With so much attention paid to the Democratic race with McCain having sewn up the Republican nomination, does this hurt or help McCain. I think it will help him a lot for many reasons:

1) He can rest up (not saying he is old and needs it), having been on the road for a year now can wear down any politician, having made many speeches and appearances daily.

2) He have the time to properly go through the list of candidates for his Vice President running mate and create a strategy for the general election, no matter who he will be facing. The Democratic candidate won’t have this luxury.

3)You know that the Democratic primary will start to get down and dirty, turning off some who were looking at Hillary and Barack as different type of politicians who are above mudslinging

4)Hillary will have to start fighting for delegates from Michigan and Florida to be seating which will at least alienate some democrats no matter what the outcome will be

5)John McCain can fundraising and having to spend very little giving him a huge war chest for the general election while either Clinton or Obama will be behind the eight ball in funds by having spent more than planned (who would of thought this race will be this close).
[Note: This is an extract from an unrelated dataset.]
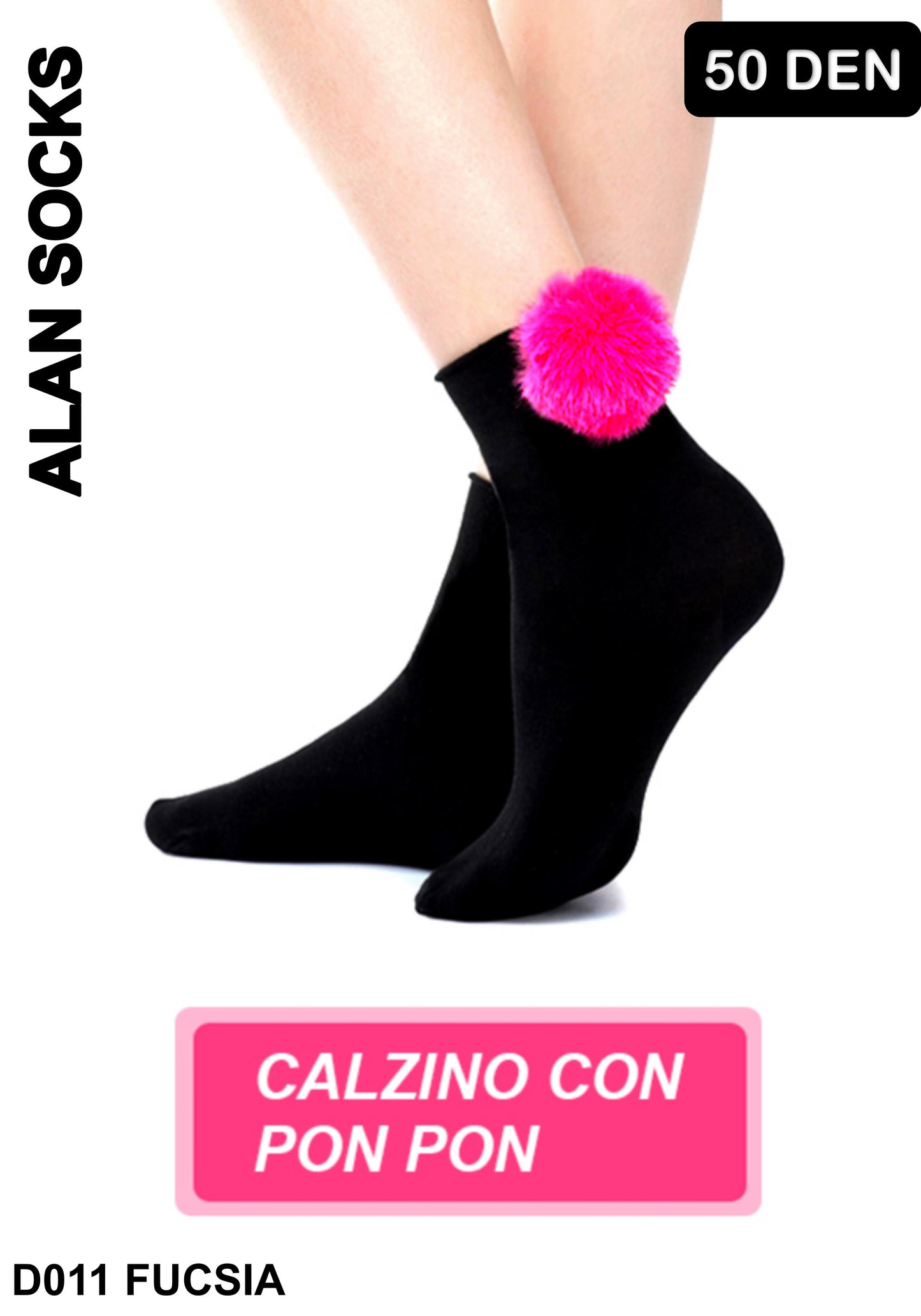 Alansocks calzini corte nylon 50 den da 1 paia - D011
6)Knowing the liberal media, having articles on John McCain toward the back of the newspaper is a good thing, no news is good news, their resources will be tied up covering the Democrats and finding dirt on them instead of finding dirt (or in the case of the New York Times making some up).

Another interesting point is that this race will be decided by Super delegates not committed delegates voted by citizens of this country. This is from a Democratic party who were in denial as George Bush defeated Al Gore in 2000. They were complaining up and down to anyone who would listen that that George Bush’s victory wasn’t legitimate. They complained that a republican loaded supreme court elected our president even though Al Gore won the popular vote. Hillary Clinton could lose the nomination by losing the Super Delegate race even by winning more votes as a whole this primary season (as of right now she is leading if you count MI and FL). As for me I will be sitting on the couch with me feet up and enjoying this. Let the fireworks begin.